**WHAT TO WORK ON**
Whenever a picture appears in the records, exclude it, and transcribe everything else exactly.

─── DATA PROVIDED

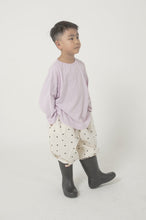 画像をギャラリービューアに読み込む, Muse Long T / ダウンショルダー ロンT ベビー〜キッズ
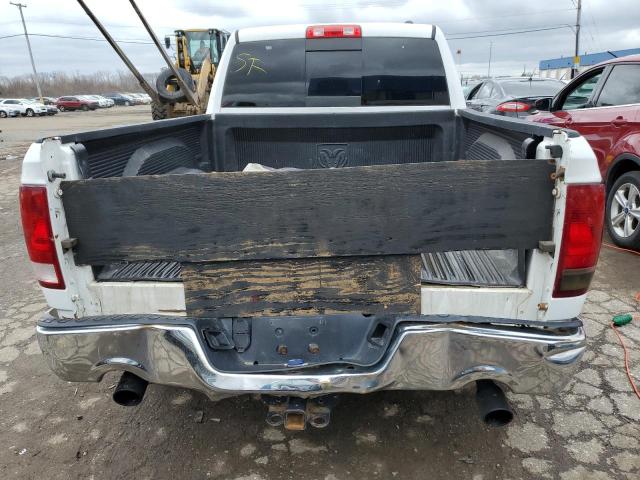 Photo 6 from auction – 2012 DODGE RAM 1500 S with VIN 1C6RD7GT9CS161869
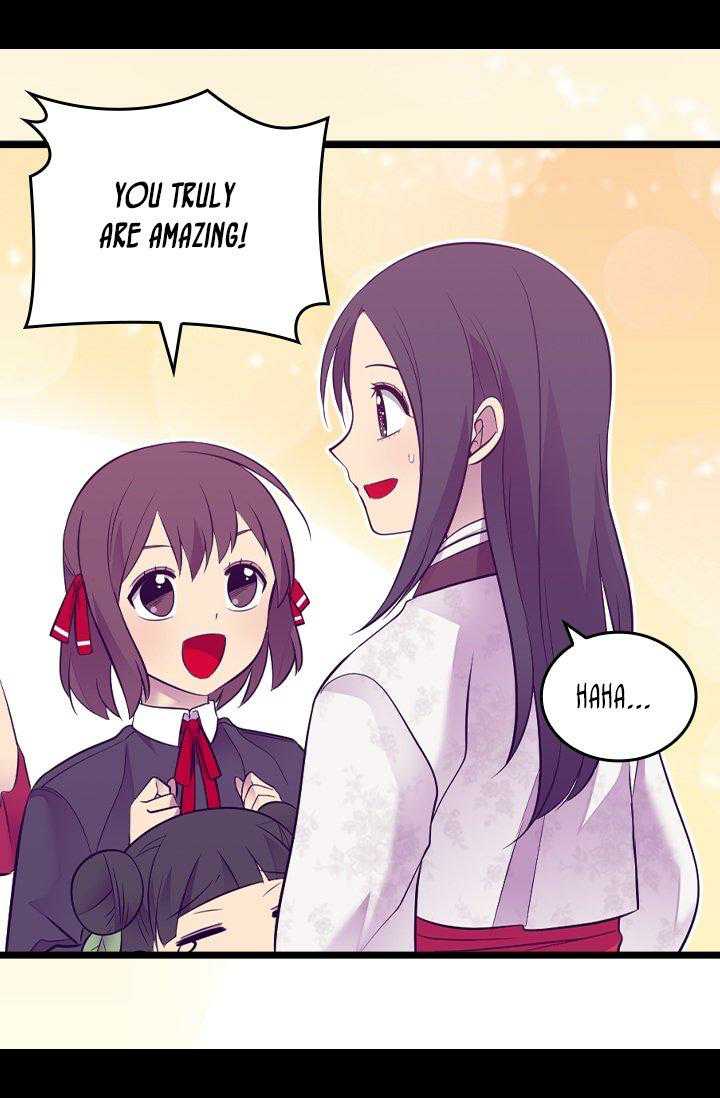 They Say I Was Born A King’s Daughter - Chapter 199 Page 63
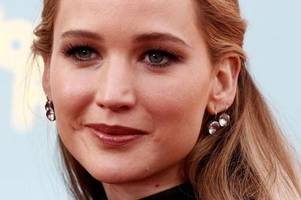 Jennifer Lawrence: Altersunterschiede können funktionieren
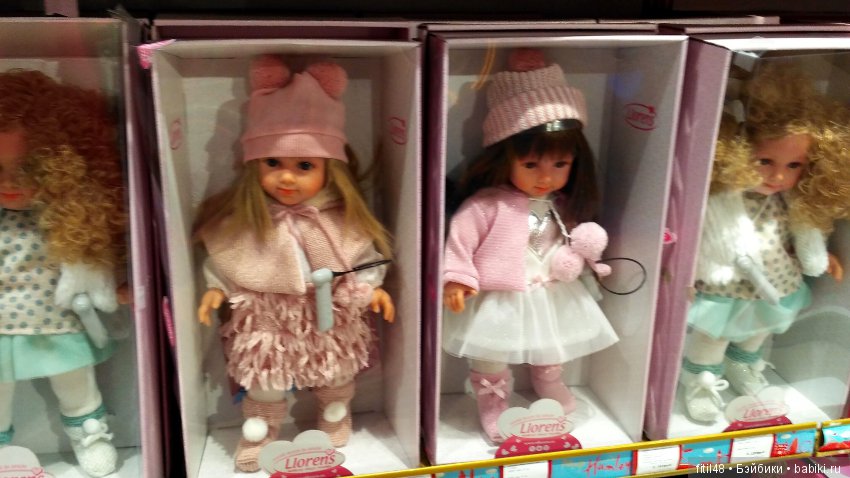 Мы в Центральном Детском мире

──────

**RESULT OF THIS EXERCISE**
 画像をギャラリービューアに読み込む, Muse Long T / ダウンショルダー ロンT ベビー〜キッズ
 Photo 6 from auction – 2012 DODGE RAM 1500 S with VIN 1C6RD7GT9CS161869
 They Say I Was Born A King’s Daughter - Chapter 199 Page 63
 Jennifer Lawrence: Altersunterschiede können funktionieren
 Мы в Центральном Детском мире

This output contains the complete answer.